# Pandas Missing Values

## Imports and data

In [110]:
import numpy as np
import pandas as pd

In [111]:
df = pd.DataFrame(np.ones((10,3)), index=list('abcdefghij'), columns=['one', 'two', 'three'])
df.loc['a','one':'two'] = np.nan
df.loc['c','one'] = np.nan
df.loc['d','two'] = np.nan
df.loc['e','three'] = np.nan
df.loc['f',:] = np.nan
df.loc['g','one':'two'] = np.nan
df.loc['h', 'two':'three'] = np.nan
df['state'] = ['CA', '', None, 'OR', 'WA', None, '', 'WA', 'OR', None]
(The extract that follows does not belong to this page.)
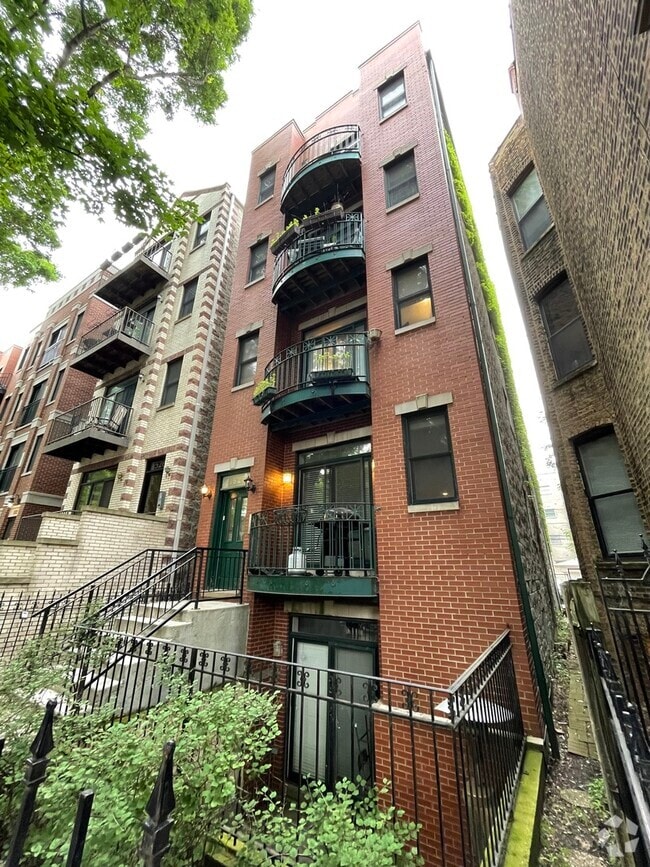 Building Photo - 1528 N Hudson Ave Unit 2 Rental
Here is the `DataFrame` we will work with:

In [112]:
df

Unnamed: 0,one,two,three,state
a,,,1.0,CA
b,1.0,1.0,1.0,
c,,1.0,1.0,
d,1.0,,1.0,OR
e,1.0,1.0,,WA
f,,,,
g,,,1.0,
h,1.0,,,WA
i,1.0,1.0,1.0,OR
j,1.0,1.0,1.0,


Replace empty strings in the `state` column by `None`, so that its missing values are handled in a consistent manner:

In [113]:
# YOUR CODE HERE
df.loc['b','state'] = None
df.loc['g','state'] = None

In [114]:
assert '' not in df.state.unique()
assert df.loc['b','state'] is None
assert df.loc['g','state'] is None

Create a new `DataFrame`, named `df2`, that has all rows with any missing values dropped:

In [115]:
# YOUR CODE HERE
df2 = df.dropna()

In [116]:
assert len(df2)==1
assert 'i' in df2.index

Create a new `DataFrame`, named `df3`, from `df1` by dropping rows that have only missing values:

In [117]:
# YOUR CODE HERE
df3 = df.dropna(axis='rows', how='all')

In [118]:
assert len(df3)==9

Create a new `DataFrame`, named `df4`, from `df1` that has all columns with fewer than 7 actual values dropped:

In [119]:
# YOUR CODE HERE
df4 = df.dropna(axis='columns', thresh=7)

In [120]:
assert list(df4.columns)==['three']

Create a new `DataFrame`, named `df5`, from `df1` that has only the numerical columns, with missing values replace by the number -9.

In [121]:
# YOUR CODE HERE
df5 = df[['one','two','three']]
df5 = df5.fillna(-9)

In [122]:
assert list(df5.columns)==['one','two','three']
sums = df5.sum()
assert sums['one']==-30.0
assert sums['two']==-40.0
assert sums['three']==-20.0

Write a function `count_null` that takes a `Series` and return an integer valued count of the number of null values in the `Series`:

In [123]:
def count_null(column):
    """Count the number of missing values in a column (Series)."""
    count = 0
    for item in column:
        if isinstance(item, float):
            if np.isnan(item):
                count += 1
        else:
            if item == None:
                count += 1
    return count

In [124]:
assert count_null(df.one)==4
assert count_null(df.two)==5
assert count_null(df.three)==3
assert count_null(df.state)==5